Sri Lanka’s Right to Information (RTI) Act, once only a flight of fancy, is now closer to becoming a reality than it has ever been, with RTI advocates optimistic about it being passed in Parliament soon. The Bill proposes to give the public the right to request information held by all public authorities.
Information Officers, stationed at all public authorities, will be charged with providing information to individuals or organisations upon request while refusal to divulge the information will only be permitted on strict grounds. Even in cases where the information is refused, the public will hold the right to appeal to the Information Commission, which will also be set up.
Furthermore, if this fails, the public could also take their appeals to the Court of Appeal. According to the current draft of the Act, if any provision in the Act is in conflict with any previous law, the RTI Act will prevail.

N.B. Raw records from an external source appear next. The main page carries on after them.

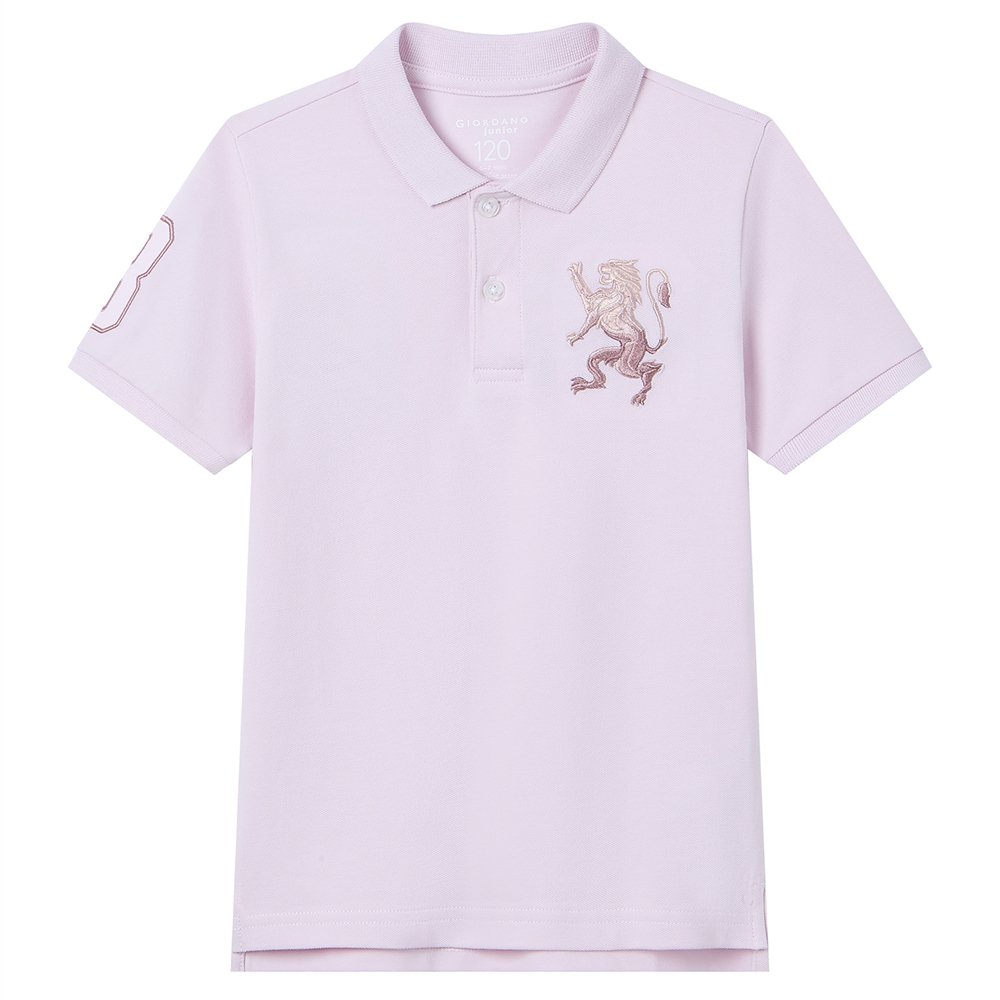Junior's Slim Fit Lion Embroidered Cotton Polo - Image 5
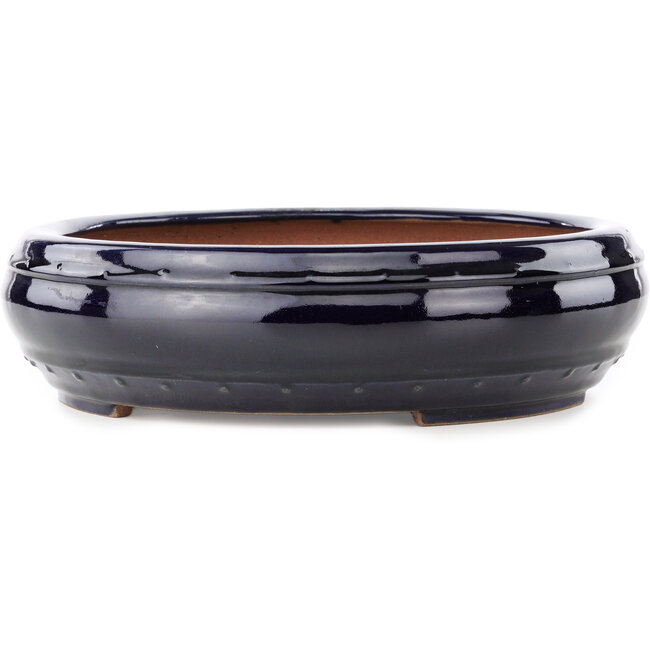 Round dark blue bonsai pot by Reiho - 315 x 315 x 85 mm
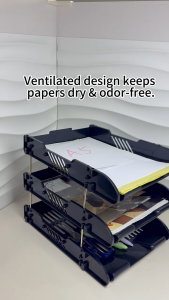 3 Tier Plastic Document Tray Desktop Paper File Rack A4 Letter Storage Organizer School Office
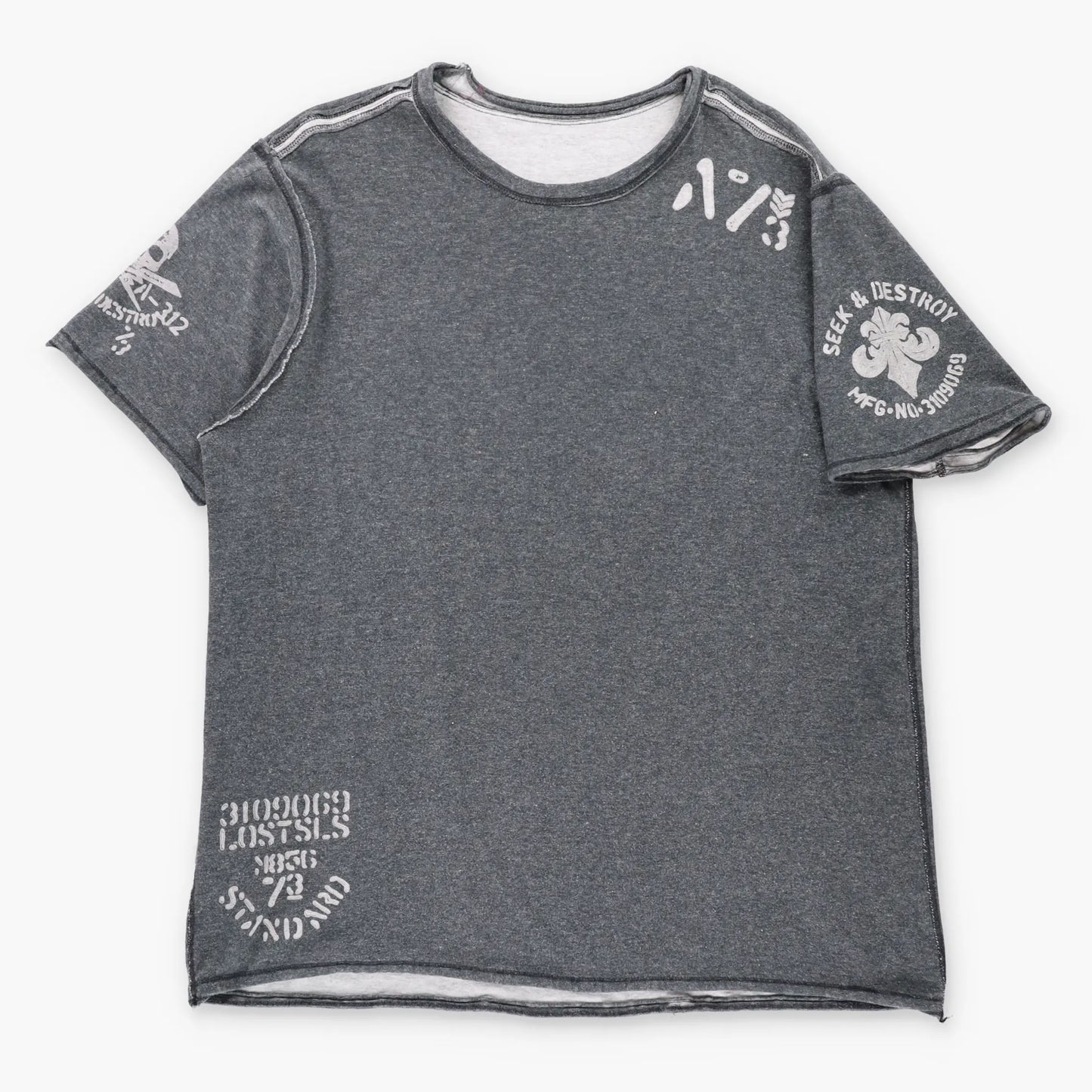 Vintage AFFLICTION Reversible Grey Chain & Cog Skulls Y2K T-Shirt (XXXL)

Currently, the provisions of the RTI Act are being ironed out but advocates hope that it will be put to the Cabinet soon. The need for transparency has never been greater in Sri Lanka but continued discourse and advocacy are needed in ensuring that the Government pulls through on its promises regarding the right to information.
Though public demand for RTI has not been as intense as some would have hoped, the need for such laws has made itself abundantly clear even under the new administration. The reality is that the focus on high-level meetings on RTI and the freedom of information must be directed towards grassroots-level programs through which the public is made aware of their rights and their capacity to act as overseers. This is the only way that the RTI Act would truly be meaningful while activists believe that an accurate gauge of how successful an act such as this is would be is to identify how it is used not by journalists, organisations or politicians but by the general public in everyday situations.
In India, it took decades for the government to pass its RTI Act in parliament. Once it was passed in 2005, it enabled the implementation of freedom of information legislation in India on a national level to provide for the setting out of the practical regime of right to information for citizens. But what made the real change in India, even more than the passing of the Act itself, was the coordinative action taken by civil society to educate the public about the powers they had been vested with through the Act.
Blatant corruption and wastage has sunk its roots deep within Sri Lankan politics, to the point where corruption has become almost procedural, while public resistance has been incapacitated by the lack of supportive laws.
Steps are finally being taken to ensure that those election promises that provided the platform for a new administration are being fulfilled but only the empowerment of the most vulnerable groups of society will prove if its implementation would truly be the harbinger of change we have desperately sought.